The image apparently inspired a fair amount of indignation, and even outrage, in certain quarters in Europe. New Yorkers, however, are fairly inured to seeing rich and powerful men in handcuffs. Certainly it's been a major source of entertainment since I arrived here back in 1980. There's something deeply satisfying in the apparent incongruity of a well-cut business suit and handcuffs.
Back in the 1980s, during one of Wall Street's earlier bursts of irrational exuberance and criminal excess, then prosecutor Rudolph Giuliani made a specialty of cuffing white-collar criminals and presenting them for the cameras.
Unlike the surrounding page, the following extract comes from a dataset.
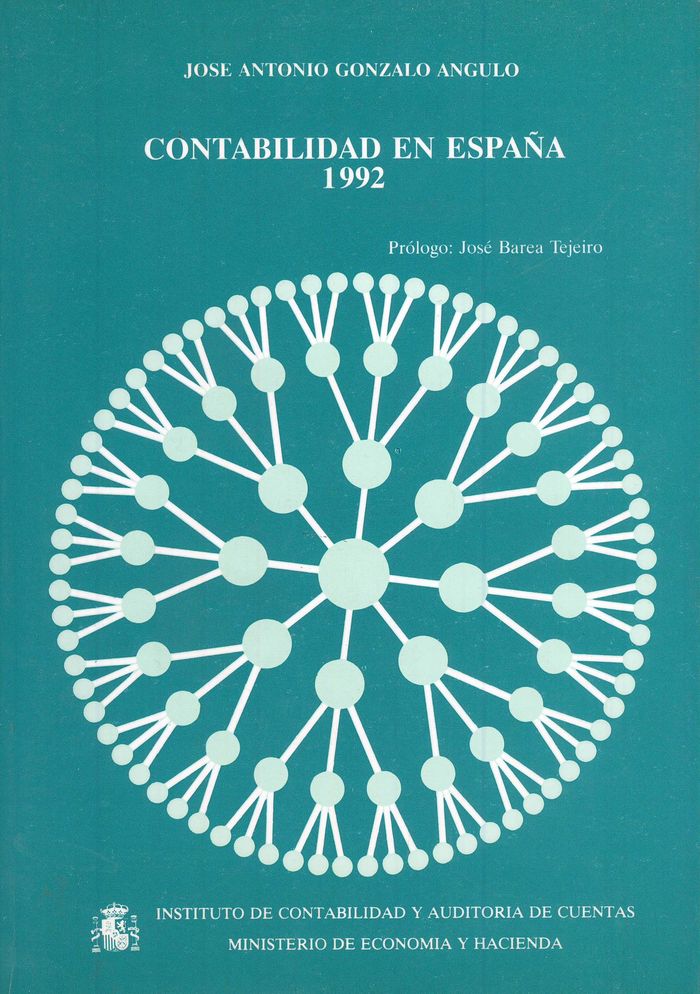 Contabilidad en España 1992, de Varios autores | portada del libro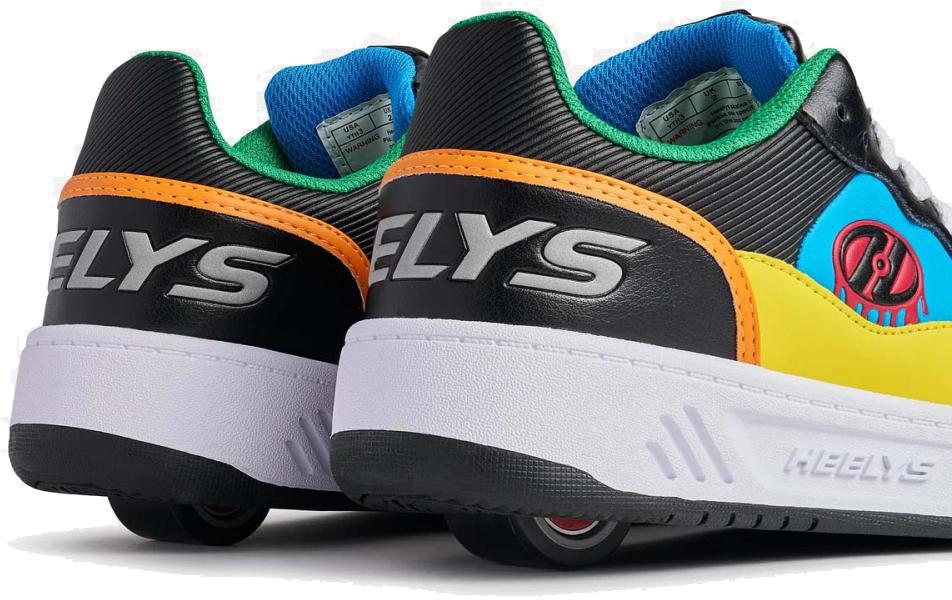 Heelys Rezerve Low Boys Shoes - Black / Red / Cyan / Yellow - Image 4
Giuliani was criticised by some people for this behaviour, especially after some of the accused were acquitted, but the general public enjoyed seeing stockbrokers and investment bankers treated in the same fashion as other putative thieves.
More recently we saw Raj Rajaratnam, the billionaire head of the Galleon fund, being taken from FBI headquarters in New York after his conviction on insider-trading charges. Mayor Michael Bloomberg, responding to criticism of the so-called perp walk, defended the practice: "The public can see the alleged perpetrators," he said. "I think it is humiliating," he added. "But if you don't want to do the perp walk, don't do the crime." The mayor seems to have forgotten about the presumption of innocence, but his statement probably reflects the attitude of his constituents pretty accurately. New York's a tough place. Deal with it.
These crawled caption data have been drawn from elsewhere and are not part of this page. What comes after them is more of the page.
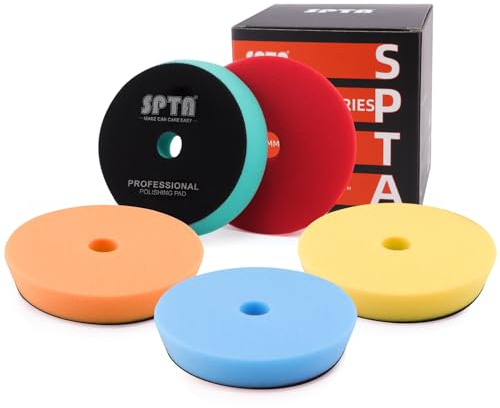 SPTA 5 pezzi 150 mm spugne per lucidatura, spugna per lucidatura auto, tampone per lucidatura, spugna per lucidatura, set per lucidatrice eccentrica da 150 mm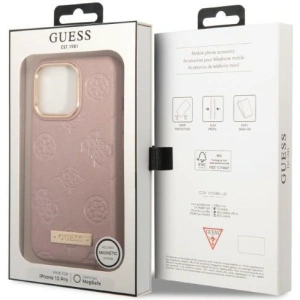 Wholesale Guess GUHMP13LSAPSTP Apple iPhone 13 Pro pink hardcase Peony Logo Plate MagSafe - GUE2270 - {ean13} - Hurt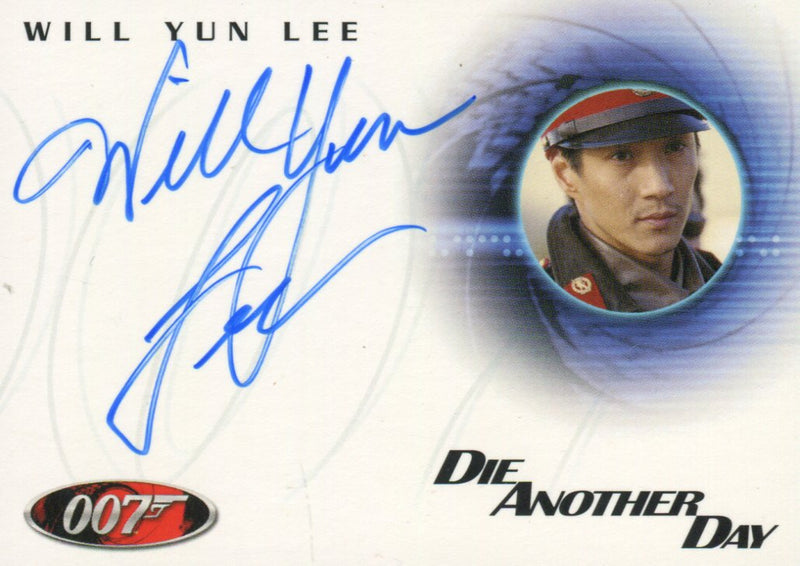 James Bond A36 The Quotable James Bond Will Yun Lee Autograph Card   - TvMovieCards.com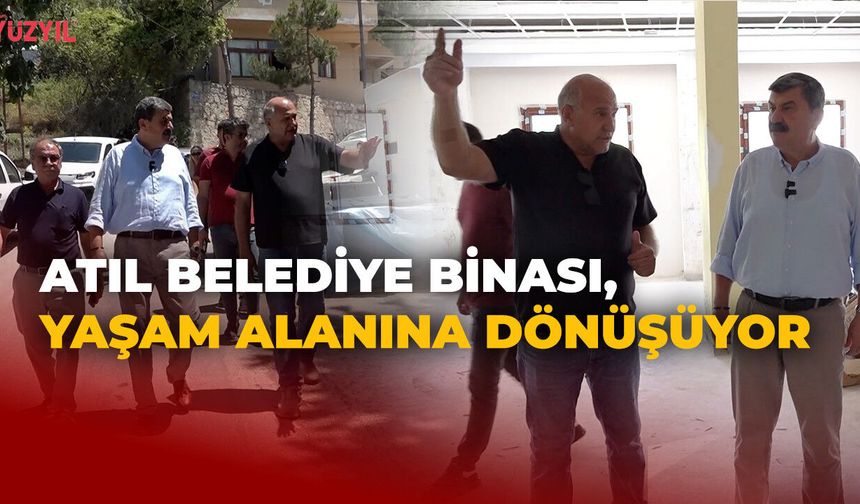 Atıl Belediye Binası, Yaşam Alanına Dönüşüyor: Gözne ve Çevre Mahallelere Yeni Sosyal Tesis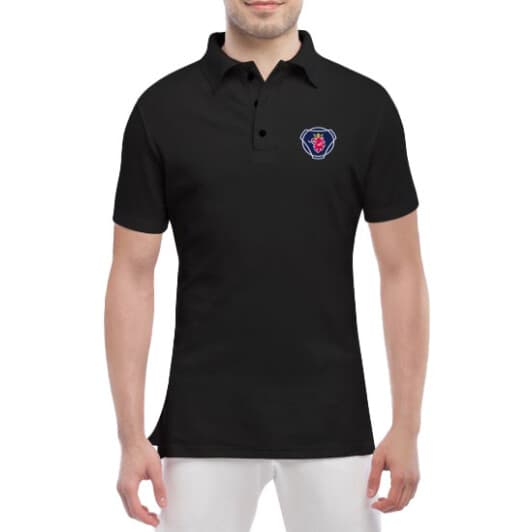 Футболка мужская Globuspioner поло Scania Big Logo v2 черный спереди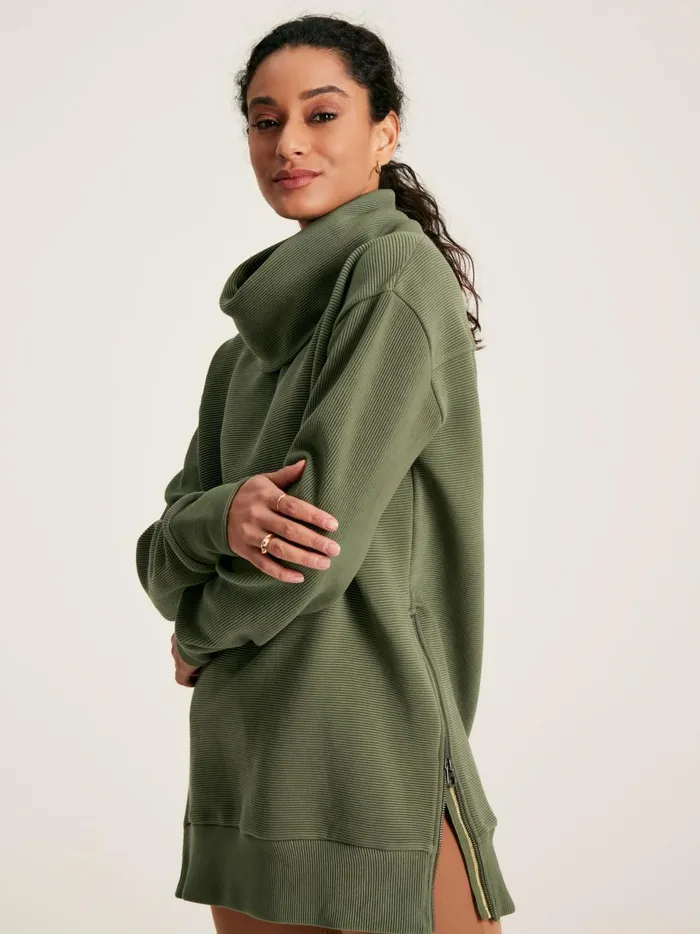 Joules Sweatshirts and Hoodies Women Green Cowl Neck Sweatshirt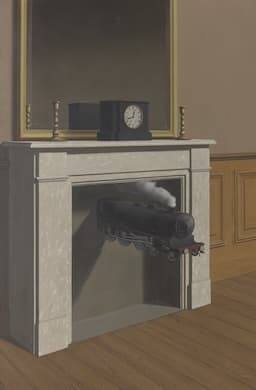 Time Transfixed，作者 勒内·马格利特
For blue-collar New Yorkers, no doubt, the prospect of seeing a French banker in handcuffs was deeply pleasing, particularly in the wake of the recession, which many blame on the big banks of Wall Street. And we can't entirely discount Francophobia, which is far less prevalent here than in the heartland but which is fanned and fomented on a regular basis by the Rupert Murdoch-owned New York Post, which famously, in the run-up to the Iraq war, branded the entire nation "Cheese Eating Surrender Monkeys." At that time the Post eagerly promoted stories about boycotts against French products, printing pictures of patriots pouring bottles of Bordeaux in the gutter, although it's doubtful that any Chateau Margaux was lost in the process.
For Post readers, at least, Strauss-Kahn seems to have been born for the role of Arrogant Frog. But even for the more cosmopolitan readers of the New York Times – liberal Democrats who opposed the war in Iraq and consider themselves Francophiles – there's not a lot of sympathy for Strauss-Kahn, and not much indignation about his treatment. For this group – my tribe – two components of the liberal temperament are in conflict, and the tenets of feminism seem to be trumping concerns about civil liberties. Our sympathies tend toward the alleged victim, a Ghanaian immigrant and political refugee who somehow manages to support her daughter in this tough city on the minimum wage.
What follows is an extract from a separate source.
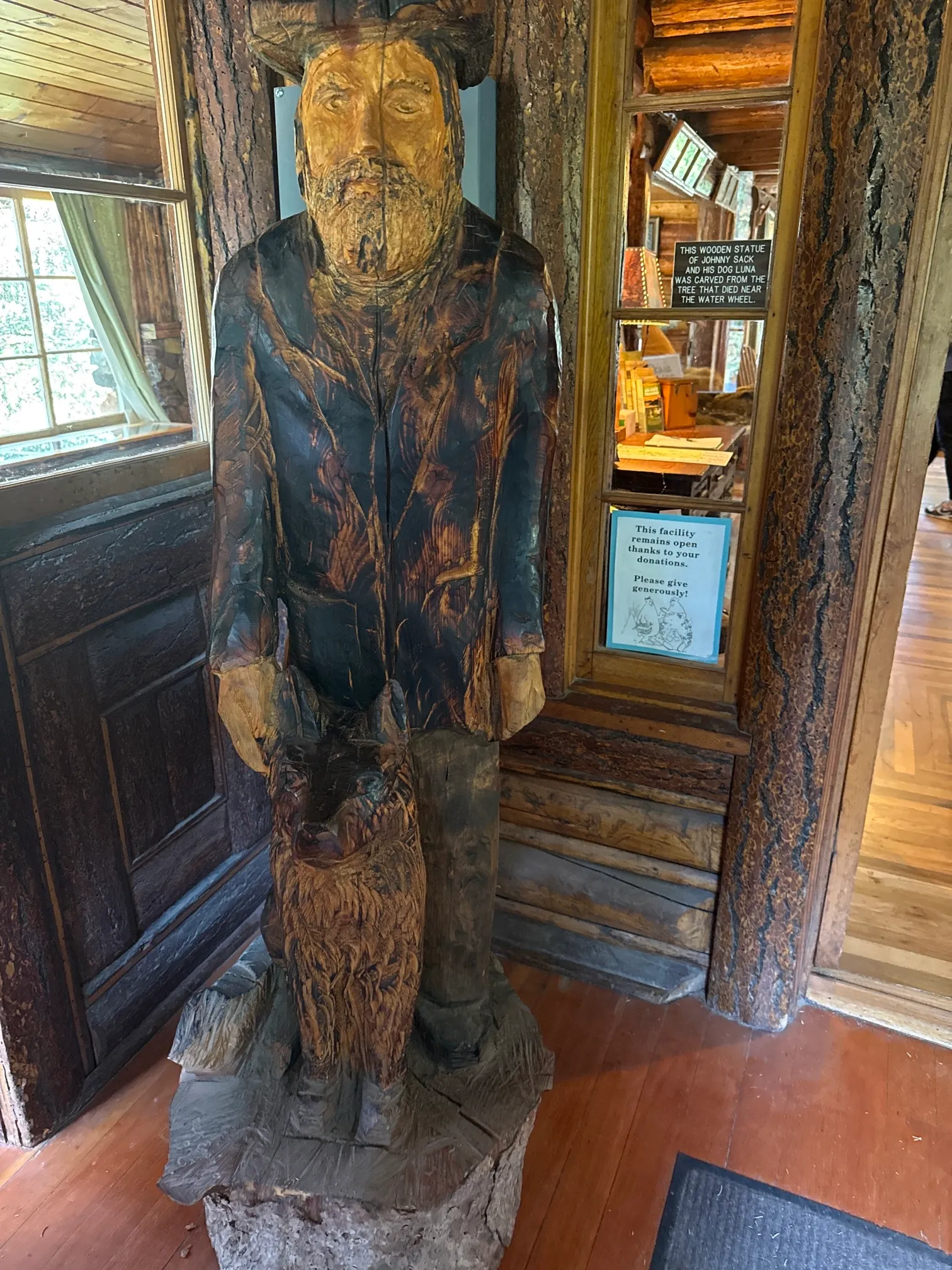 Big Springs and Johnny Sack's Cabin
Among those I have spoken to there's a belated feeling that Europe is decidedly backward on the subjects of women's rights and sexual harassment. I say belated because during the Monica Lewinsky scandal we all spoke approvingly of the sophistication of the French, who didn't hold their leaders to some unrealistic standard of sexual purity, who in fact expected their (male) leaders to dally and stray and seduce. Look at François Mitterrand, we all said – it was an open secret that he kept a mistress and no one in France held it against him. In fact they seemed to think more of him for it.
We found this terribly sophisticated of the French and we bemoaned the prudishness of our church-going Midwestern fellow citizens. Those damn Republicans were so square, so unsophisticated. Not like the French. Not like us. Today the picture looks a little more complicated. The detention of Roman Polanski by Swiss authorities in 2009 revived a case which has continued to divide the American cultural elite. While many prominent citizens of Hollywood and New York endorsed what seems to be the European consensus that Polanski was the victim of some kind of American philistinism, many others, including some on the left, pointed out that he fled to France after being convicted of raping a 13-year-old girl. There are laws against this and presumably they apply to great directors.
Meanwhile, after observing the thuggish sexual antics of Silvio Berlusconi for more than a year, it's hard from this particular vantage-point to admire the sophistication of the Italian voters, who seem to some of us to have been ridiculously slow to register their disapproval. And now, in the immediate aftermath of Strauss-Kahn's arrest, we are reading in all four of our local papers about Strauss-Kahn's history of aggressive sexual behaviour, notably the alleged attempted rape of a journalist in 2002, and about the turning of many blind eyes on this type of conduct. We marvel at his dashing nickname, The Great Seducer, and we go back to our French dictionaries to see if by any chance seduction means coercion in French. But no.
Reading about the reaction in France has not been heartening for us Francophiles, either. The notion that this was a sting orchestrated by the US is ludicrous to us, the fact that it's widely believed in France even more so. We can only hope the Post was somehow mistaken in reporting that 60 per cent of French citizens polled think it was a trap. First of all, we have a left-leaning Democrat in the White House who is inevitably characterised by the opposition as a socialist. And in New York we have an independent mayor with presidential ambitions who has absolutely no incentive to conspire with the White House to derail the possible candidacy of a French politician, socialist or otherwise.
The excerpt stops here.